(GIVEN DATA)

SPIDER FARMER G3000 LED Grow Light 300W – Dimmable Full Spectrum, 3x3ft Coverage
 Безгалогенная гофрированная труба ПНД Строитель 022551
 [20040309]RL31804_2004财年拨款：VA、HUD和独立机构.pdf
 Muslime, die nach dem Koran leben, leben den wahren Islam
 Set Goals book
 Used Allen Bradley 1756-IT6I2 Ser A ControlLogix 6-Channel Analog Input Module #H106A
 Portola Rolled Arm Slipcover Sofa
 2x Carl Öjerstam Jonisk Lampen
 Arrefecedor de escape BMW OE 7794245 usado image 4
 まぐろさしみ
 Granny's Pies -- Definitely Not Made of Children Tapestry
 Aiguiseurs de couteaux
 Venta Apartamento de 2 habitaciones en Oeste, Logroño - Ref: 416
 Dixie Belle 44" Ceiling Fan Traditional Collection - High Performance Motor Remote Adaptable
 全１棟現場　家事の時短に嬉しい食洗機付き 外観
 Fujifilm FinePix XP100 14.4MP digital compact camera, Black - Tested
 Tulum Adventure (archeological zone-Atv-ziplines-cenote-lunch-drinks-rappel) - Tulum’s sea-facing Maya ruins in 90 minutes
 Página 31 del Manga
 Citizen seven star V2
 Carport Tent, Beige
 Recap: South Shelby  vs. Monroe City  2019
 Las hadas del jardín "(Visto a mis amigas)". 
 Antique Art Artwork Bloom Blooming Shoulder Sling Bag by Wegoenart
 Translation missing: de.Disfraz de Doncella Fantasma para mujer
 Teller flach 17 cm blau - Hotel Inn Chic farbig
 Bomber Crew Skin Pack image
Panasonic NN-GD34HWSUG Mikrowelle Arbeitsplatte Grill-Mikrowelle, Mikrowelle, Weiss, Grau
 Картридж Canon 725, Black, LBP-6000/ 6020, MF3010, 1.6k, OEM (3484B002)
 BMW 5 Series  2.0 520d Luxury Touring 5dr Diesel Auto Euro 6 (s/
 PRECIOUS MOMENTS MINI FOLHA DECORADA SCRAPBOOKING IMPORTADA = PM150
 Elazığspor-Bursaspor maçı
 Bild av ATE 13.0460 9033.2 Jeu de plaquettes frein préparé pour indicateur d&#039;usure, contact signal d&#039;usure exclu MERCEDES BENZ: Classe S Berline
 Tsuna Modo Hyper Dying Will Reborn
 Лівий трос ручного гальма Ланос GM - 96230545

(End GIVEN DATA)

> **TASK DESCRIPTION**:
Copy out each line of the data that has the word "Black" in it.

> **REPLY TO THE EXERCISE**:
 Fujifilm FinePix XP100 14.4MP digital compact camera, Black - Tested
 Картридж Canon 725, Black, LBP-6000/ 6020, MF3010, 1.6k, OEM (3484B002)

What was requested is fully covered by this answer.